? for Don Bright on K-1s

Discussion in 'Professional Trading' started by Speedracer, Dec 27, 2001.

  1. Speculator1929

    Speculator1929 Guest

    Don,
    If I am a proprietary trader but not a member of an LLC but a "consultant" and I lose money (mine) what does the entity give me? Can you get a negative 1099 (I never heard of it)? It can't be a w-2. What is it? I assume as a member of an LLC, they can give me a k-1 with loses right?

    I know you are not an accountant and thus hesitate to give these types of answers but you seem to know the answer so could you reply and I will not hold you to the answer nor will anyone else. Thanks.
     
    #11     Jan 2, 2002
  2. Basically you are "out of luck" - you are limited to (I think) $3,000 of losses that you can apply to earnings the next year. If you were an LLC member (with the right setup), and if you lost $50K in 2001, but made $50K in 2002, then you would have zero tax liability (of coures subject to review by your CPA).
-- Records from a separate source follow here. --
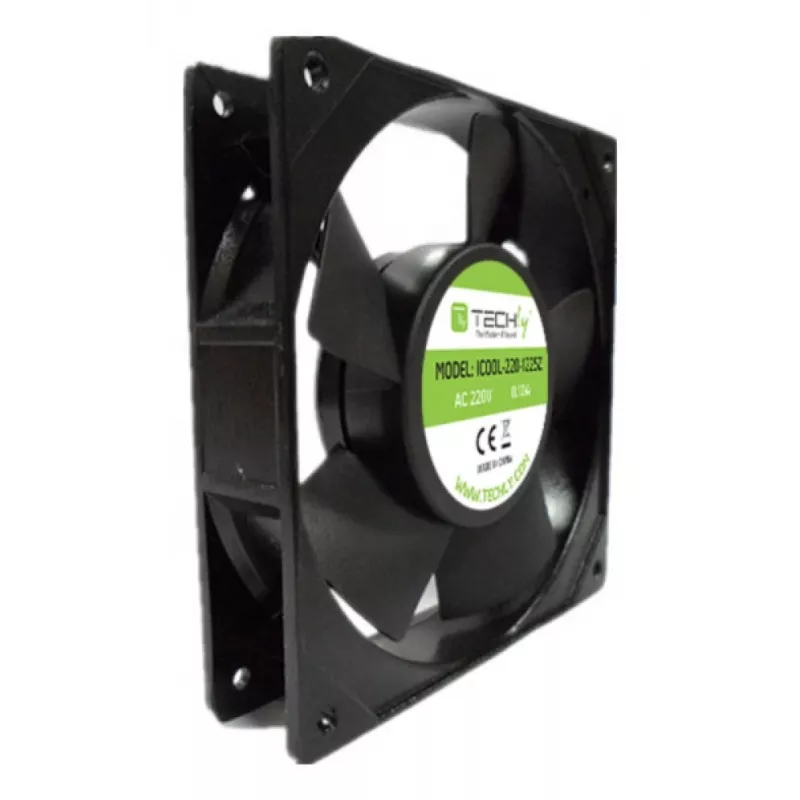 Techly ICOOL-220-1225Z componente/accesorio de refrigeración para ordenador módulo de ventilador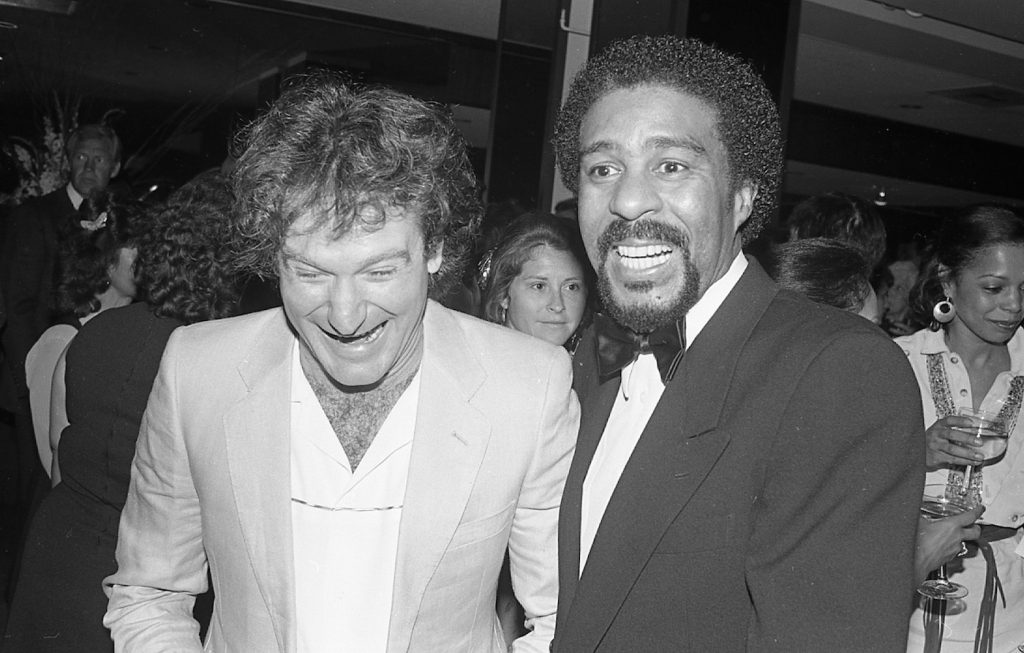 Robin Williams, Richard Pryor at People's Choice Awards, 1982. photo: Borsari/HBO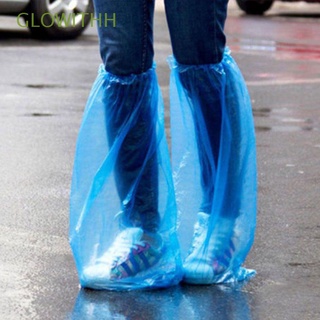 glowithh 5 pares de fundas duraderas para zapatos de lluvia de plástico antideslizante desechables de buena calidad gruesa protector impermeable
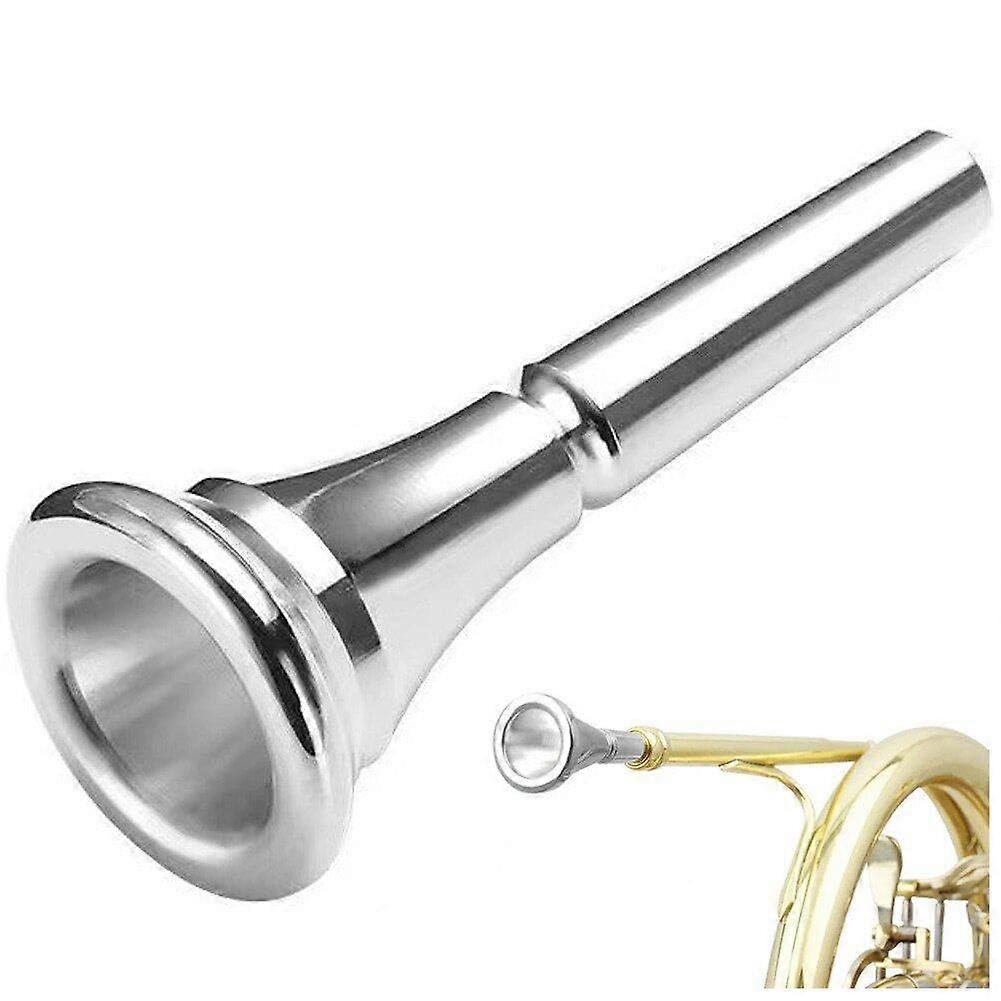 Professional SilverPlated French Horn Mouthpiece Made of Metal and Copper Alloy for French Horn Musical Instruments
    No negative 1099, and yet your firm can deduct your losses in excess of your initial contribution (if any). We really have spent a lot of time structuring our firm in the best possible way for the traders (glad to see it's paying off, I learned a lot myself over the last few years).
     
    #12     Jan 2, 2002
  3. NYCTRADER

    NYCTRADER

    Don,
    You say that if your an LLC member with the right setup etc....... what is the right setup? Also, although with a 1099 you'd be liable for paying the FICA taxes, you would have the benefit of deducting all expenses related to earning that income.. magazines, seminars, subscription services, hardware, books, etc. On the other hand, I believe that if you're given a K-1 at the end of the year, you cannot deduct these expenses because the corporation has taken all the deductions and the amount reported on the K-1 is the Net amount that you must pay taxes on.
    Thanks
     
    #13     Jan 2, 2002
  4. Our traders get the full benefit of deducting all the expenses you show above. We simply ask that they submit expense reports in detail, and we reimburse them from their account, thus reducing their K-1 earnings.
     
    #14     Jan 3, 2002
  5. Does receiving a k-1 affect a traders ability to set up retirement plans, or are all the plans still available to use? (SEP-IRA's, etc.)
    Thanks
     
    #15     Jan 3, 2002
  6. You can only "defer" earnings that you pay FICA on (15%), so it is usually better to simply invest that 15% savings yourself...this negates the purpose of the IRA's (since you are already NOT paying retirement taxes. Best of both worlds...
     
    #16     Jan 3, 2002
  7. bigbear

    bigbear

    At bright you guys issue K-1's with traders expenses already deducted?

    Were you saying that if I get a K-1 for the full amount that I can't deduct after the fact on my return?

    Also - what do you know about setting up a corporation in order to allow yourself a keough contribution? Anything fuzzy about this?

    I know you are not the site accountant but any input would be appreciated. Thanks.
     
    #17     Jan 10, 2002
  8. (non-legal response): If you take the full deduction to your K-1 then you cannot take the same deduction again. There is no real reason to set up a corporation since you are already saving the 15% SelfEmployment tax (FICA) because we chose the proper IRS election to do so. Watch out for accountants who advise otherwise, we have had several heated discussions on this, and when the numbers were crunched, opting for the individual partner won out.
     
    #18     Jan 11, 2002
  9. bigbear

    bigbear

    what about the fact that a tax deferred keough plan can be used if a corp is opened? We have no way of putting $$ into a retirement plan that is beneficial to my taxes.
     
    #19     Jan 11, 2002
  10. Since you are already taking a full 15% off the top of your taxes, you simply put that amount into a fund for retirement....I am not much of a believer in "plans" - I prefer to have liquid $$ or securities in accounts that I plan on using for retirement..and this accomplishes the same without all the fees.